Increase of Azure AI Foundry Quota
If you need to increase your Azure AI Foundry quota, use this document, which summarizes the necessary information and links to the quota increase request form and the documentation on models and regions.
Why an Increase is Needed
Your AI agents run (or will run) directly in your Azure AI Foundry environment, so all AI workloads are subject to the limits of your Azure subscription (TPM/RPM).
Default quotas are mainly set for testing and PoC. In production deployment, especially during document ingestion and embedding generation, these limits often represent a bottleneck and significantly slow down processing.
Increasing the quota will allow for:
- faster document ingestion and re-indexing,
- higher throughput for embedding generation,
- stable performance under concurrent user load,
- lower latency and less throttling,
- production scale and reliability.
Important: Increasing the quota does not change the price. It only increases throughput. Billing remains strictly based on consumed tokens — the price per token is the same.
This is a standard Azure process for production AI deployment. We will provide you with pre-filled parameters and a justification template to make the request quick and easy.
Data for Quota Increase Request
| # | Field | Value / Note |
|---|---|---|
| 1 | Name (Authorized Representative of the Applicant) | [CLIENT] |
| 2 | Surname | [CLIENT] |
| 3 | Company Email (on company domain) | [CLIENT] |
| 4 | Company Name | [CLIENT] |
| 5 | Company Address | [CLIENT] |
| 6 | City | [CLIENT] |
| 7 | ZIP Code | [CLIENT] |
| 8 | Country | [CLIENT] |
| 9 | Subscription ID | [CLIENT] or [SIESTA.AI], if we have access to your Azure subscription |
| 10 | Justification (EXAMPLE) | Below |
| 11 | Model Type | Azure OpenAI |
| 12 | Model Deployment Quota | Model Deployment (PTU/RPM/TPM) |
| 13 | (Azure OpenAI) Quota Request Type | Global Standard |
| 14 | Global Standard Region | East US2 or Sweden Central |
| 15 | (Azure OpenAI) Global Standard Model | text-embedding-3-large |
| 16 | Quota | 10000 |
Example Justification
We are building and operating a production AI SaaS platform focused on enterprise automation (document analysis, RAG agents, email triage, CRM integration, and automating internal processes for B2B clients).

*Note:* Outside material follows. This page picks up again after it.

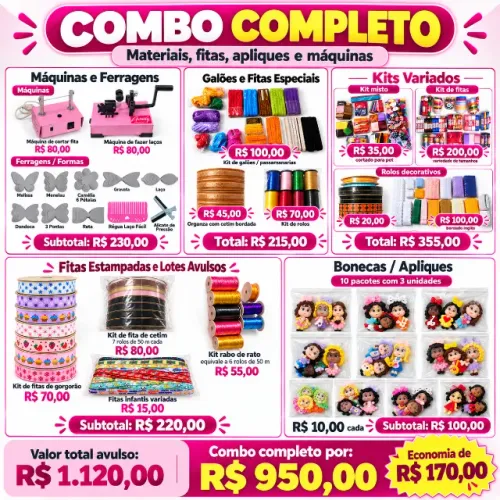 Kit Completo para Laços e Laços Pet com 2 Máquinas e Materiais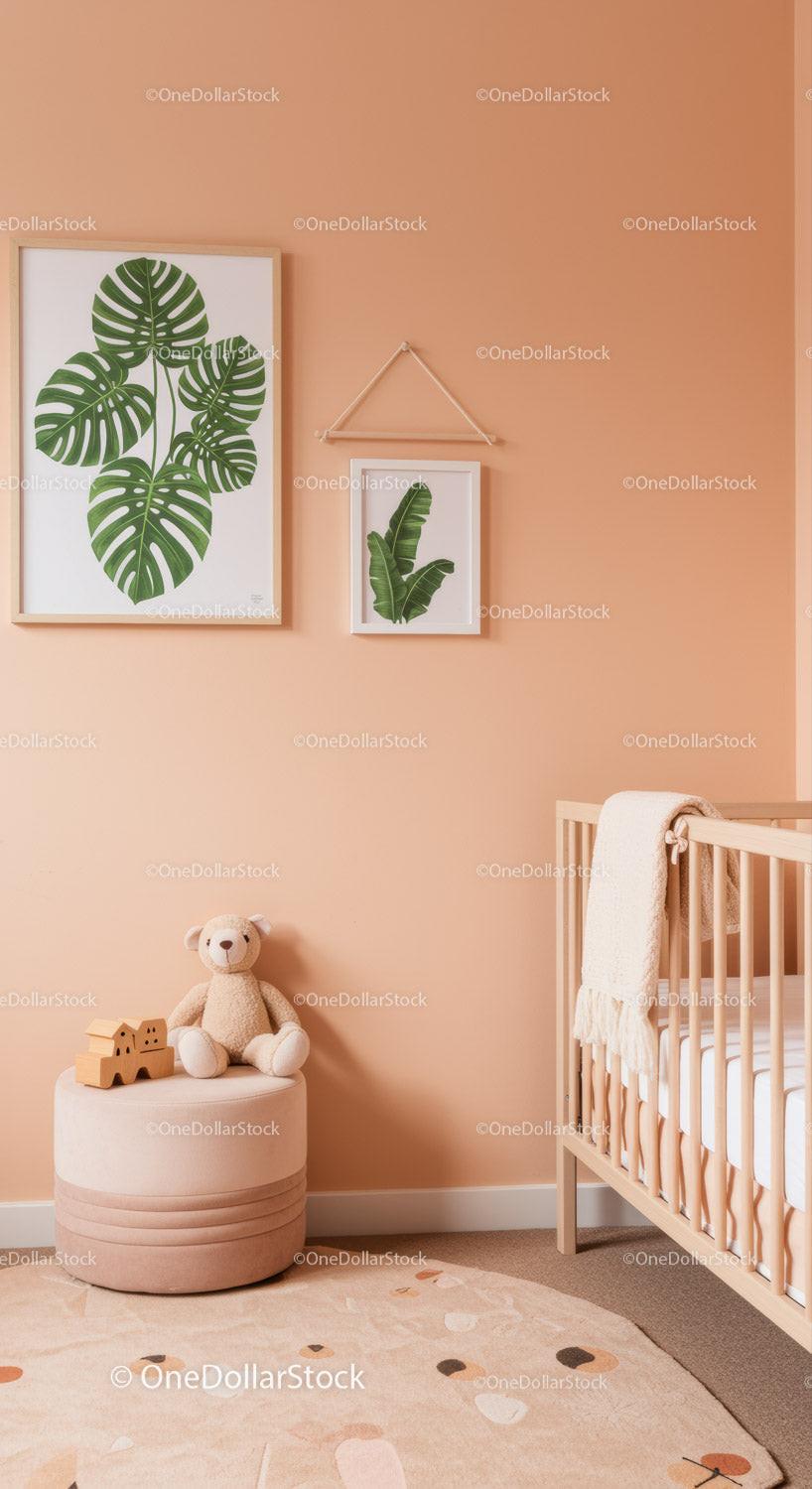 Charming Nursery with Pink Wall Art Displays and Cozy Decor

We are currently running in pilot and production deployments across industries (manufacturing, real estate, insurance, enterprise services). Typical workloads include:
- high-frequency chat and API inference,
- large pipelines for document ingestion and vectorization (PDF, DOCX, web crawling),
- contextually demanding prompts with multi-step reasoning,
- concurrent use by multiple enterprise users and teams.
Current quotas are already a bottleneck during peak load and testing. With the expansion of onboarding new customers and the introduction of additional agents and integrations (HubSpot, Gmail, Google Drive, Azure Storage, internal CRM), we expect a significant increase in token throughput. We need the quota increase to:
- maintain stable latency during concurrent enterprise operations,
- support batch processing of documents and continuous ingestion pipelines,
- ensure production reliability and SLA,
- eliminate throttling during load spikes from real business workflows.
This quota increase is critical for upcoming production deployments and commercial rollouts. Without higher capacity, our ability to scale customers and ensure consistent service quality will be limited. We are committed to responsible usage, cost monitoring, and effective optimization of prompts and tokens in accordance with Azure OpenAI best practices.